BEGIN ENTRIES PROVIDED

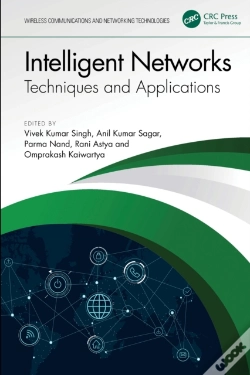 Capa do artigo Intelligent Networks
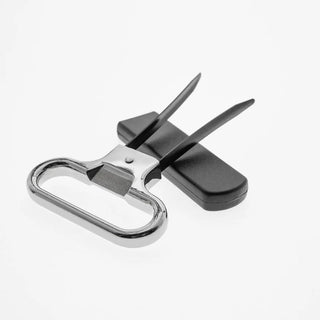 Vacu Vin | Cork Puller | Stainless Steel | Silver | 1 PC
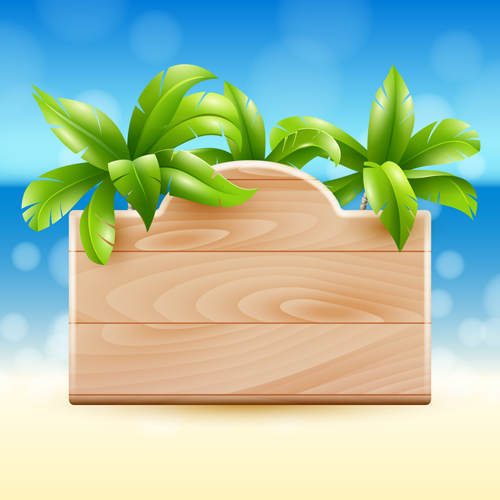 wooden wood coconut board 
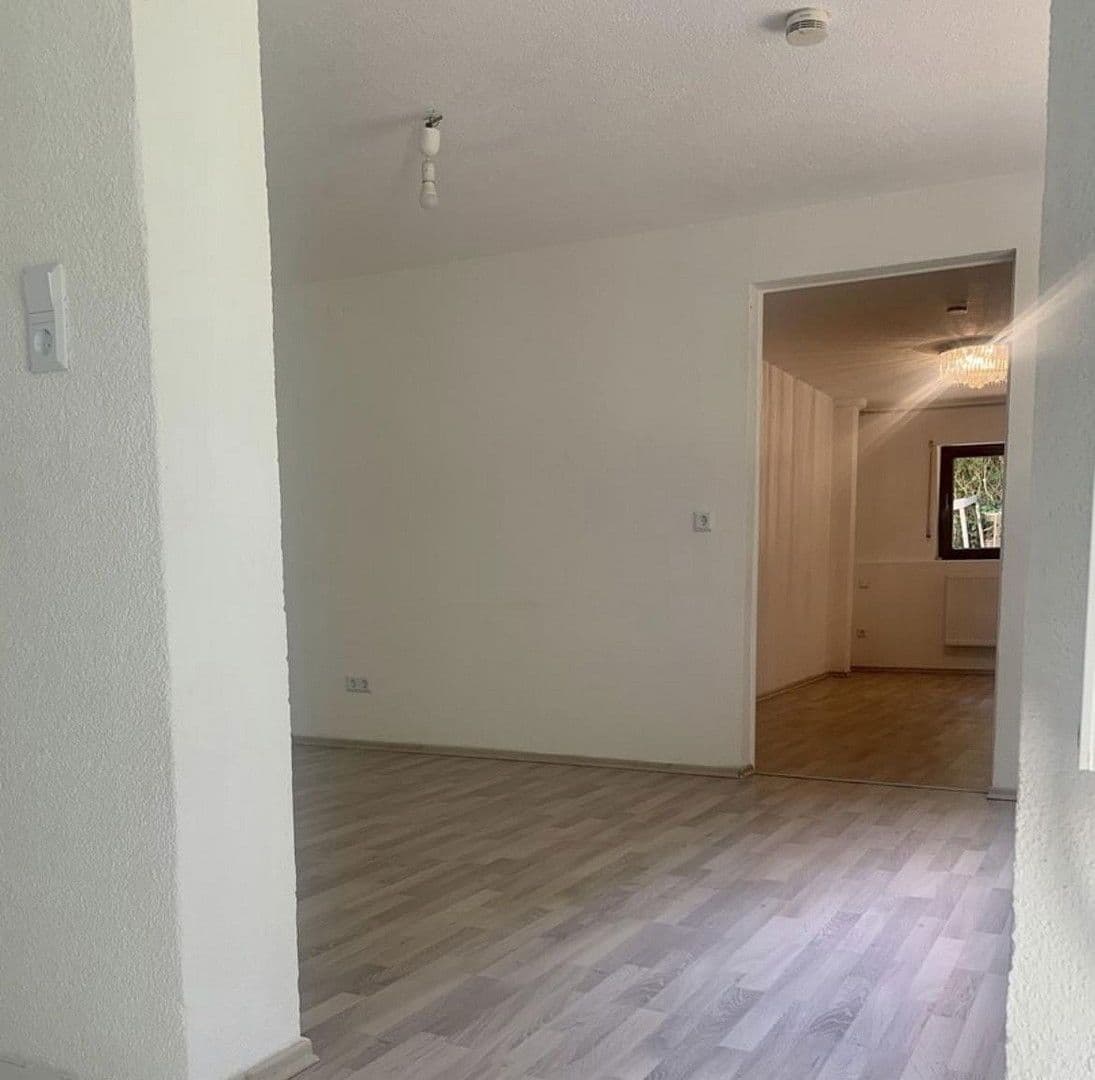 2 bedroom flat to rent, 50 m², Pforzheim, Baden-Württemberg 2 bedroom flat to rent, 50 m², Pforzheim, Baden-Württemberg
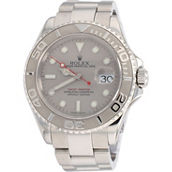 Rolex Men's / Women's Yachtmaster 40mm Watch 32272 (Pre-Owned)
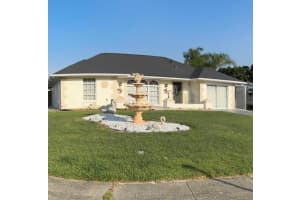 333 NE Surrey Street, Port Saint Lucie, FL 34983 Sold 08/22/25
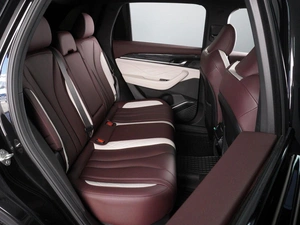 Внедорожник Geely Monjaro 2023 года, 3250000 рублей, Минеральные Воды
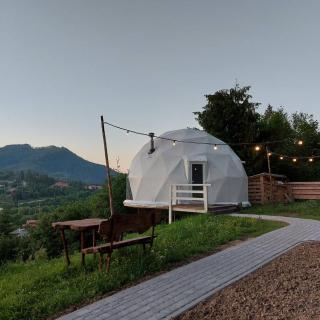 SlavskoGlamping - Slavske - 6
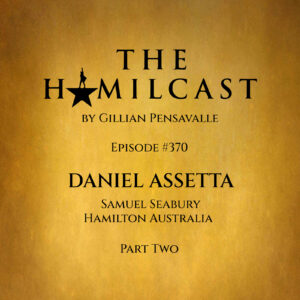 Daniel Assetta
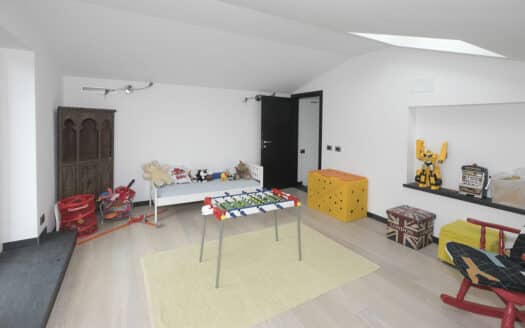 Villa da sogno a Chiavari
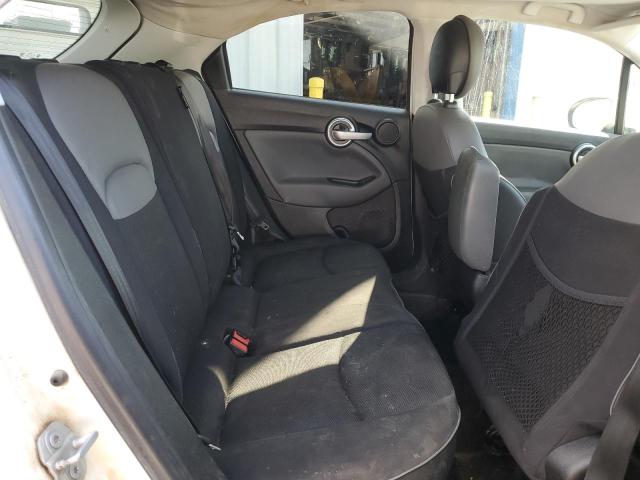 صورة رقم 10 من المزاد - 2016 FIAT 500X EASY مع VIN ZFBCFXBT5GP363779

END ENTRIES PROVIDED

HOW TO COMPLETE THIS TASK:
From the first line to the last, print the records exactly; leave out the pictures.

SOLUTION:
 Capa do artigo Intelligent Networks
 Vacu Vin | Cork Puller | Stainless Steel | Silver | 1 PC
 wooden wood coconut board 
 2 bedroom flat to rent, 50 m², Pforzheim, Baden-Württemberg 2 bedroom flat to rent, 50 m², Pforzheim, Baden-Württemberg
 Rolex Men's / Women's Yachtmaster 40mm Watch 32272 (Pre-Owned)
 333 NE Surrey Street, Port Saint Lucie, FL 34983 Sold 08/22/25
 Внедорожник Geely Monjaro 2023 года, 3250000 рублей, Минеральные Воды
 SlavskoGlamping - Slavske - 6
 Daniel Assetta
 Villa da sogno a Chiavari
 صورة رقم 10 من المزاد - 2016 FIAT 500X EASY مع VIN ZFBCFXBT5GP363779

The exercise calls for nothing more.